> _What is expected_
Search the records below for the word "option". Copy each line where it occurs.
(Input for this task begins)
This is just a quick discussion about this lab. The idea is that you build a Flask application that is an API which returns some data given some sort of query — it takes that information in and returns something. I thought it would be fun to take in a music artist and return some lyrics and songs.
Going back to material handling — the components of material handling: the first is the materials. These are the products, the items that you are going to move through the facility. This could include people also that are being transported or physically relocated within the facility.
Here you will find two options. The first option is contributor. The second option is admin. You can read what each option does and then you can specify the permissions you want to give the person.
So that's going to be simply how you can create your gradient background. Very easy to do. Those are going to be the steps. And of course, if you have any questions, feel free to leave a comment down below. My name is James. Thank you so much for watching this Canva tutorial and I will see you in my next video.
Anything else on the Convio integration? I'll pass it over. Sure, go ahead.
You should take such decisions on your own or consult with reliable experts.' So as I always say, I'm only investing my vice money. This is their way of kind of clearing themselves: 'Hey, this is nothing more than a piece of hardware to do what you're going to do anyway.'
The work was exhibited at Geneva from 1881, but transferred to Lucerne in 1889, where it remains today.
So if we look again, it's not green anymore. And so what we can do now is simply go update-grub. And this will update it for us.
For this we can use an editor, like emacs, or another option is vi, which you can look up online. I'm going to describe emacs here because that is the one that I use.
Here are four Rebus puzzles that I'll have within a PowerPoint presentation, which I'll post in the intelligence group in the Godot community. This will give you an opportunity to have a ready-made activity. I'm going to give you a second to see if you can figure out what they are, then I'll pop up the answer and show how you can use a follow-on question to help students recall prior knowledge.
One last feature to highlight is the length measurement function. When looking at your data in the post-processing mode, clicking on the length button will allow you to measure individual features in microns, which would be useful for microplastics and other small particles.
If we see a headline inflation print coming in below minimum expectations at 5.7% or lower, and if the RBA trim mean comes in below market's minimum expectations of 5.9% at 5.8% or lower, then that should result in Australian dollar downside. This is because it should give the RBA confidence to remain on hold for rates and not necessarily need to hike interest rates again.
(Input for this task ends)
> _Task answer_
Here you will find two options. The first option is contributor. The second option is admin. You can read what each option does and then you can specify the permissions you want to give the person.
For this we can use an editor, like emacs, or another option is vi, which you can look up online. I'm going to describe emacs here because that is the one that I use.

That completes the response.